Buckley’s job will touch on a number of Summers’ oft-mentioned priorities.
In his installation speech this fall, Summers spoke on the need for Harvard to explore new approaches to the sciences.
He and Hyman have said that new initiatives will be formed that bring together scientists across not only departments, but across the University’s independently operating schools.
As Assistant Provost for Interfaculty Initiatives, Sean T. Buffington ’91 is in charge of the 11 existing interfaculty programs. But it will fall to Buckley to devise the more ambitious science programs that Hyman has promised.
Buckley said she has yet to get a sense from Hyman of what these new science initiatives will entail.
Buckley said that from conversations with the current assistant provosts she believes she will be given wide latitude in coming up with and implementing these programs and that she would not “just be carrying out what Steve [Hyman] and Larry [Summers] decide.”
Since his appointment as president, Summers has been insistent that the development of University land in Allston will occur on his watch. One of three scenarios being considered for University expansion across the river involves the creation of a science campus in Allston.
But while the physical planning process has begun, the University has not begun to formally investigate the academic possibilities that a new science campus would provide—a task that Hyman said that Buckley would help oversee.
“Its not just a matter of where do you put people in buildings, but how could we change how Harvard does, and thinks about science,” Buckley said.
Buckley said that she didn’t know exactly which hospital-related issues she will be working on.
But the hospitals threaten to become a time consuming topic.

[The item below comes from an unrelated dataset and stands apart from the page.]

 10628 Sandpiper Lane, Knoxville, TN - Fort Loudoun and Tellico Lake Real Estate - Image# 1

Hyman has said his office is paying close attention to developments at the Boston teaching hospitals affiliated with, but not owned by Harvard.

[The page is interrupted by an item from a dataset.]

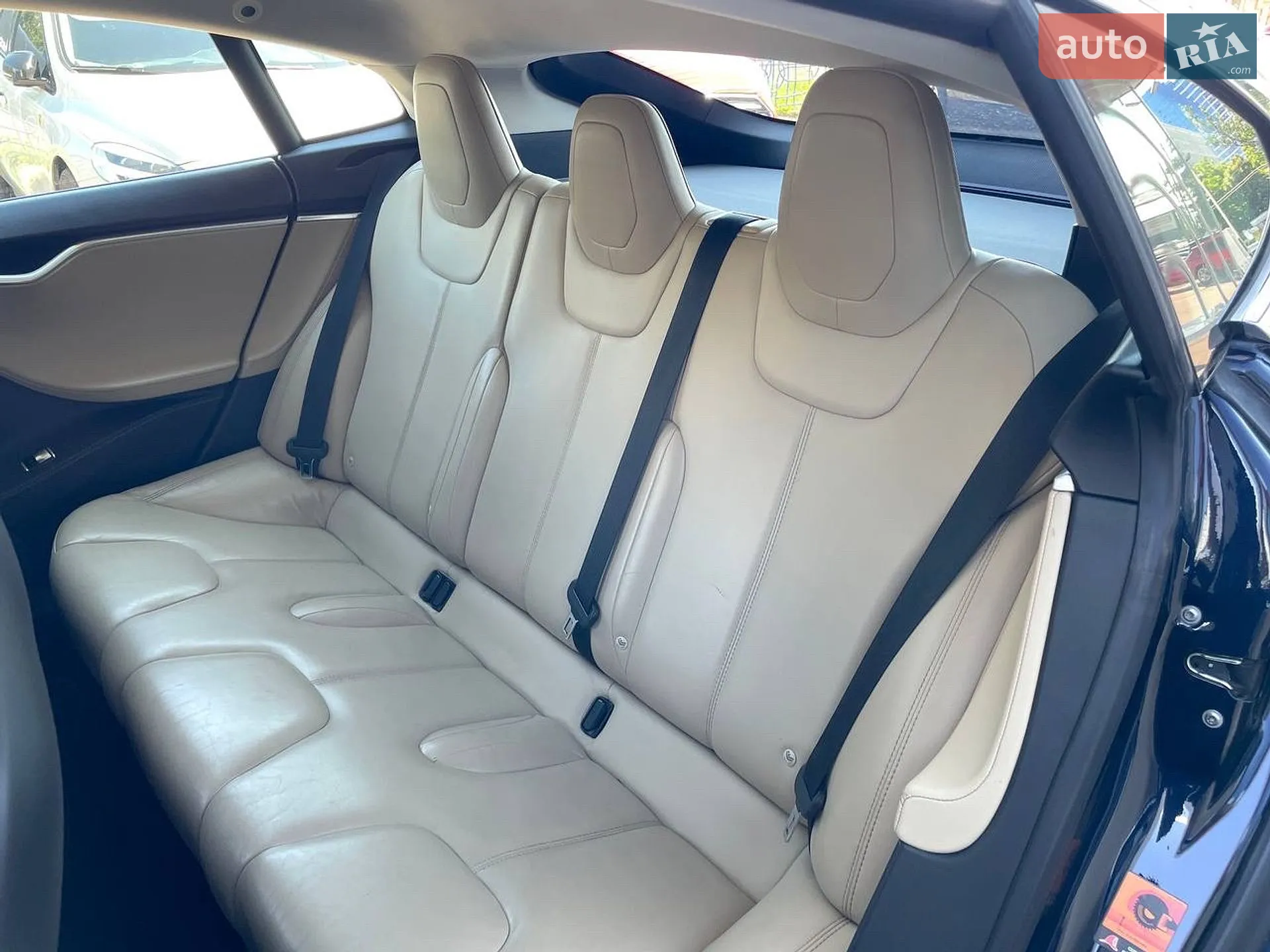 2015 Tesla Model S - мініатюра 16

The Beth-Israel Deaconess Medical Center—where more than a third of Harvard’s medical students and residents receive training—remains in dire financial straits and Hyman has said that the University would hope to avert any sale of the hospital to a for-profit company.
Hyman said this winter that he had offered his office’s assistance to Joseph P. Martin, dean of the Medical School, to help retain medical faculty threatened by the hospital’s uncertain future.

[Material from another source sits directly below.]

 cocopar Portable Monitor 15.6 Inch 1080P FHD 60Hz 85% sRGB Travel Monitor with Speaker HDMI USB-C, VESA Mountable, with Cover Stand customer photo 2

Buckley said her resume qualifies her to carry out these and other tasks.
After graduating from Harvard College in 1974, Buckley earned a doctorate in neurobiology from Harvard Medical School in 1980. After post-doctoral work at the University of California, San Francisco, Buckley returned to Harvard in 1988 and worked as a basic scientist at the Medical School for over a decade.
She has always felt she would make a good administrator, given her ability to see the bigger picture, Buckley said.
Last year, when a new position at FAS was created dealing with the sciences, Buckley decided to apply.
As assistant dean, Buckley said she gained administrative experience dealing with both the day to day issues with the science Faculty—appointments, promotions and leaves—but also long-term initiatives and programs. She also sat on a variety of faculty committees, including the Standing Committee on Professional Misconduct, the Systems Neuroscience Initiative and the Standing Committee on the Status of Women.
Dean of the Faculty Jeremy R. Knowles said he was sad to see Buckley leave FAS.
“She has taken excellent care of our science departments, and we shall miss her wisdom and skill,” Knowles wrote in an e-mail.
Buckley said she was excited to get started in her new job today.
“Its going to be a pretty steep learning curve,” she said, but added she was confident Hyman and others could bring her up to speed.